From base context, metacontext is entered via the prefix ^^. From metacontext, base context is entered via postfix ^^. As a shorthand, any capitalized word is automatically placed in metacontext. Eg:

Int i = 3 is shorthand for ^Int i = 3

To place multiple space-separated words into metacontext, use ^^ with parenthesis, eg:

^(List int) l = [1,2,3]

To place multiple lines into metacontext, use ^^ with blocks, eg:

^{
Wrapper1
List int
}

Both base and metacontext can have both data context and code context within them.

Assertions

An AssertionException? is raised if any expression in the block, aside from the last, evaluates to FALSE. Eg in the following block, the line 'y = 5' will never be reached, because execution will terminate with an AssertionException? when the line 'x == 4' evaluates to FALSE:

x = 3
x == 4
y = 5
y

' is for errors

' involves passage between a mode of error-handling in which exceptions are handled by immediately raising the exception, but variables are guaranteed not to contain nils, and a mode in which exceptions are captured by Fail values using Option types, but exceptions are always caught.

'x evaluates x, and, if this evaluation raises an error, it catches that error and puts it into the errorneous case of an Option type. If x does not raise an error, it puts the result into the successful case of an Option type.

x' takes an Option type and tests if it is an erroneous case or a successful case. If it is erroneous, it raises the contained error. If it is successful, it returns the contained result value.

x'e is like x' except that if x is an erroneous case of an option type, it returns not the contained error, but rather the result of applying the function e to the contained error.

For example:

'(1/1) == Succeed 1
'(1/0) is Fail DivideByZeroError?
(Succeed 1)' == 1
(Fail DivideByZeroError?)' raises the contained DivideByZeroError?
(Fail DivideByZeroError?)'(fn e Exception("my error")) raises the value Exception("my error")
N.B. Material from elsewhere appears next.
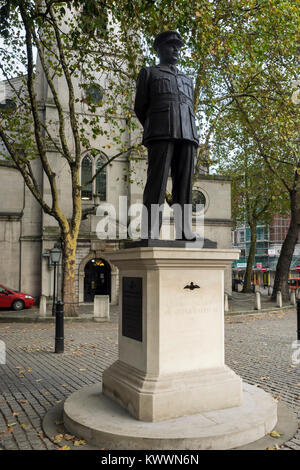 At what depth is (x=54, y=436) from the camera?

(todo is the syntax right to terminate the optional arguments of the DivideByZeroError? constructor here?) (todo is the lambda function syntax right here?)

is

'is' is a boolean operator. 'subject is predicate' returns True (T) if any of:

subject == predicate
bool(predicate subject) (todo should this be hasattr(subject, predicate) and bool(subject.predicate)?)
isa subject predicate
issubclass subject predicate

and False (F) otherwise.

TODO see the longer list in ootSyntaxThoughts and add it here

TODO mb 'is' should NOT check predicates, because then you cant test the identitfy of the predicate itself via 'is'? or mb thats an unimportant special case?

truthiess

Some Oot values can be coerced to booleans using the function 'bool'. Oot values that can be coerced to bools are called 'boolable'. Values are boolable when one of the following is true:

the value is in the domain of either the 'len' function
the value is in the domain of either the 'nonzero' function
the value is an Failure (see Error Handling)

bool(x) is:

TRUE if: len(x) >= 0
TRUE if: nonzero(x) == TRUE
FALSE otherwise

Autocoercion

Autocoercion of subset types

Some types are subsets of another type; for example, the integers are a subset of the reals (the integers are called the 'subset type' and the reals are called the 'superset type'). A function that takes an integer value and returns the corresponding real value is called an 'embedding'. Oot provides a facility for declaring subset types and embeddings.

When a chain of embeddings can be found, the smaller type will autocoerce to the larger (for example, integers will autocoerce to reals) but not the other way around. For example, "sqrt 3" is legal even though 3 is an integer, because this will be coerced to 3.0. For example, corresponding values in the subset and superset types will compare as equal (eg 3 == 3.0). Note that a value of the subset type will acquire all of the per-element type attributes of the superset type.

There are certain requirements on embedding functions:

they must be pure functions (deterministic and side-effect-less)
they must be injective: there must not be any two distinct values in the subset type for which an embedding function returns the same value from the superset type
an example of an 'inclusion path between embedding functions' is integers < rationals < reals. If there are embedding functions provided for each step along an inclusion path, then this implies that their composition is a valid embedding function; for example, if an embedding function is provided from integers to rationals, and another embedding function is provided from rationals to reals, then this implicitly defines an embedding function from integers to reals.
any two embedding functions between a given subset and superset type must yield exactly the same result on every input
if there is an embedding function in both directions between two types, then these types must be equivalent

Intuitively, these requirements will always be met as long as the values in the subset type are actually thought of as members of the superset type (as opposed to just things that have some special correspondence to members of the superset type; eg integers are not actually strings, even though 0 can be mapped to 'zero', 1 can be mapped to 'one', etc).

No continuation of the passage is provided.